Instead, Natividad’s sole “record evidence” of the City’s alleged custom is “the volume of [] cases” alleging police misconduct, which he intends to present to the jury through an expert, Timothy Dixon, who has prepared a report and plans to discuss those cases. (Oral Arg. Tr. at 112:20–25, 115:8–12, 116:12–117:24.) Counsel acknowledged the municipal liability claim is largely, if not entirely, dependent on Dixon. See (id. at 115:4–7.) But Mr. Dixon, even were he to testify at trial, does not help him. Dixon’s report is mostly fluff, rife with speculation, conclusory references to “standard police practices” and devoid of a true methodology or the application of specialized knowledge to support its broad conclusions.
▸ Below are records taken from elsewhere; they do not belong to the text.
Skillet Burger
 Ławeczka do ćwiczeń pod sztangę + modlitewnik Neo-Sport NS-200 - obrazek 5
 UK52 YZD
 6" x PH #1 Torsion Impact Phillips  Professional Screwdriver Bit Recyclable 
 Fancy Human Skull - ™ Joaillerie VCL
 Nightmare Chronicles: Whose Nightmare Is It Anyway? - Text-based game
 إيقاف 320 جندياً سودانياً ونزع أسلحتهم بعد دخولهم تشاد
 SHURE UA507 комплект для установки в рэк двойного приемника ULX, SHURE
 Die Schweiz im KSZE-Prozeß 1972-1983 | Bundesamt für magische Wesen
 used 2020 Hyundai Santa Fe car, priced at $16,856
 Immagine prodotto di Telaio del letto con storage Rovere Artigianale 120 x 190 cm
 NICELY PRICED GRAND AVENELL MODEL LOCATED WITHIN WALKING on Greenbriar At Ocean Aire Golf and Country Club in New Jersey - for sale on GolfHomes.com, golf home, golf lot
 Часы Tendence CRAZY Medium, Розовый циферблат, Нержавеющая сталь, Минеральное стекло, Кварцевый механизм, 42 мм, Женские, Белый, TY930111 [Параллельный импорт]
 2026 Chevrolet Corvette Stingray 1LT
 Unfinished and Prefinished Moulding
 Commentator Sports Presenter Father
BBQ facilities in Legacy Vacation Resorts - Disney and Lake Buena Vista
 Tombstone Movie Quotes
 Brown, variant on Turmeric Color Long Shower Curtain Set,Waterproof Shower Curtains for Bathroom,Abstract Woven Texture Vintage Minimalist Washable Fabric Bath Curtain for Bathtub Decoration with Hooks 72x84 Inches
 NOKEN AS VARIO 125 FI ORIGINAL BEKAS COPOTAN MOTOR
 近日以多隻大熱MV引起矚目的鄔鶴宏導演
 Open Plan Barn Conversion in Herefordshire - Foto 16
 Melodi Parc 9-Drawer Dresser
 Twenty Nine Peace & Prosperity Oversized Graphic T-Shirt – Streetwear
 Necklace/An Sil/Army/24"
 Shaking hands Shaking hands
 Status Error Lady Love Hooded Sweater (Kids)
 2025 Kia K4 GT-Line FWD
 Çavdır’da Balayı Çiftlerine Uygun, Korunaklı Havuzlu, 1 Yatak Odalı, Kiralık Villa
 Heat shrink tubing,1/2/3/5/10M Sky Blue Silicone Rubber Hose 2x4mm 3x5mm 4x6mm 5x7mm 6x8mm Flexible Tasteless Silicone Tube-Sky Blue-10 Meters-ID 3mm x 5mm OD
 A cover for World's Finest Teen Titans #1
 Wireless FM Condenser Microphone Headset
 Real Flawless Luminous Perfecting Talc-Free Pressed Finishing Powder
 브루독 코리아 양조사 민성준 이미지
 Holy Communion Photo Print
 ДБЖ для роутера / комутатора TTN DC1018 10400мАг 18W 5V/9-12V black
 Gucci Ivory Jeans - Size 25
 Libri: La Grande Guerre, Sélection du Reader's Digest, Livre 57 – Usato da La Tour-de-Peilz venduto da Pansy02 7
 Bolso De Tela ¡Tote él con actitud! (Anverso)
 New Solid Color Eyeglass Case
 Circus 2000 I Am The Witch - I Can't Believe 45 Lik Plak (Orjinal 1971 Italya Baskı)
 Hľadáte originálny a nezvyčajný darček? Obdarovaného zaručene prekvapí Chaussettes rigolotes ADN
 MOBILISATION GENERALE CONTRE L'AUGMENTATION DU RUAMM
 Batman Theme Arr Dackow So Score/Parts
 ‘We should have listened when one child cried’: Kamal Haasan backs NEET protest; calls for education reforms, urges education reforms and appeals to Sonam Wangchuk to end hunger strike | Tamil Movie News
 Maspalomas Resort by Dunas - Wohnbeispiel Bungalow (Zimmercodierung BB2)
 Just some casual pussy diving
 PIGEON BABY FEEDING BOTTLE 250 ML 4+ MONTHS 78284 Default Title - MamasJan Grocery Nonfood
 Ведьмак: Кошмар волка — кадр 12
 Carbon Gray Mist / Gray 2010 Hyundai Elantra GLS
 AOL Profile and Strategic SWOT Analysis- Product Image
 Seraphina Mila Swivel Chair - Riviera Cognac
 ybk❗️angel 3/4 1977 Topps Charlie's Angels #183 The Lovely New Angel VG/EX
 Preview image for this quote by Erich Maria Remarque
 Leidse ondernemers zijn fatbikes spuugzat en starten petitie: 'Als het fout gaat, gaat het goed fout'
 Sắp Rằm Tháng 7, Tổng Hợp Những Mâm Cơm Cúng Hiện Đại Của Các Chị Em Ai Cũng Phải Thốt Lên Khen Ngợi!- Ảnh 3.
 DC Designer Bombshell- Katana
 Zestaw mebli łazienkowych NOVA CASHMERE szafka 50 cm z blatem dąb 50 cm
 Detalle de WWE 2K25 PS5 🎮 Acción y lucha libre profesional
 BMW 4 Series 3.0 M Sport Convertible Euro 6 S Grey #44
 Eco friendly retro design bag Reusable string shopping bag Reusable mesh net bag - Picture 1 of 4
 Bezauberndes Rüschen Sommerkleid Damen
Nearly sixty pages of the
eighty-page report restate the evidence developed in the homicide investigation, the long and winding history of Natividad’s prior proceedings and his current allegations. (Expert Report at 14–73, ECF No. 62-32.) A mere ten pages are devoted to what Dixon titles “Analysis,” but which should be called “Conclusions.” (Id. at 73–82.) He begins, for example, by stating that it “is a generally accepted policing practice” that police “officers must conduct themselves in accordance with the United States Constitution,” that the “policing practices during the Campbell homicide investigation caused the violation of Plaintiff’s rights” and that absent the constitutional violations caused by the “flawed investigatory practices,” Natividad would have never been charged, convicted or incarcerated. (Id. at 73.) From there he opines, inter alia, on how the detectives “hand wrote” the statements of certain witnesses and that had the Philadelphia Police Department followed “generally accepted policing practices of audio and/or video recording interviews and interrogations this behavior may have been prevented.” (Id. at 76–77.) This leads to
another conclusion that the police department’s “lack of a policy” requiring the audio or video recording of witness interviews made “police misconduct like we see in this case possible and indeed foreseeable.” (Id. at 77.) He notes that absent undefined “safeguards,” a supervisor should have noticed the detectives’ “behavior and actions” and that the lack of someone “review[ing]” the detectives’ work “leads one to consider that the behavior we see in this case was part of a custom, practice or de facto policy that was the culture of that unit during the time of this case.” (Id. at 79.) Moreover, because the murder victim was “involve[d]” in the neighborhood Town Watch, the police Homicide Unit received much public attention, which “should have caused supervisors
and commanders to review all of the detectives[’] work even more closely to ensure that such misconduct did not occur. It seems that this did not occur.” (Id. at 80.) One of Dixon’s many conclusions is actually relevant here: that evidence of unconstitutional customs and conduct was known to the City before Natividad’s case. (Id. at 79, 82.) But this is unsupported by any evidence or reasoning.19 Dixon purports to base his conclusions on his expertise, materials from the Philadelphia Police Department and District Attorney’s Office, and reliable public and professional
19 Nor does Dixon ever differentiate between policy, custom, and deliberate indifference — in the form of, e.g., failure to supervise or discipline — instead lumping various terms and concepts together in a conclusory, catch-all fashion. See, e.g., (Expert Report at 79, 81, 82); cf. McIntyre v. Liciardello, No. 13-2773, 2020 WL 605717, at *13 (E.D. Pa. Feb. 7, 2020) (noting there is no Monell claim for a custom or policy of failing to supervise). resources. (Id. at 11.) But he appears to have reviewed only two materials that did not arise from Natividad’s own case: the U.S. Constitution and The Homicide Files, a database of police misconduct allegations published by the Philadelphia Inquirer in 2021. See (id. at 11–14.) While Dixon’s conclusion about the City’s “custom” relies on
numerous allegations of misconduct against various homicide detectives in the form of internal investigations, civilian complaints, civil litigation, and media reports, (id. at 82), there is nothing to indicate that he reviewed any of the underlying cases, investigations or complaints, let alone whether the accused officers were ever found liable for misconduct. And the mere existence of allegations of misconduct — found in lawsuits, civilian complaints, or elsewhere — cannot support municipal liability. See, e.g., Wooden v. City of Philadelphia, No. 19-1054, 2022 WL 1772442, at *4 (E.D. Pa. Dec. 15, 2022) (noting people file lawsuits “for many reasons, or for no reason at all, and evidence that they filed complaints does not indicate that” an alleged custom exists)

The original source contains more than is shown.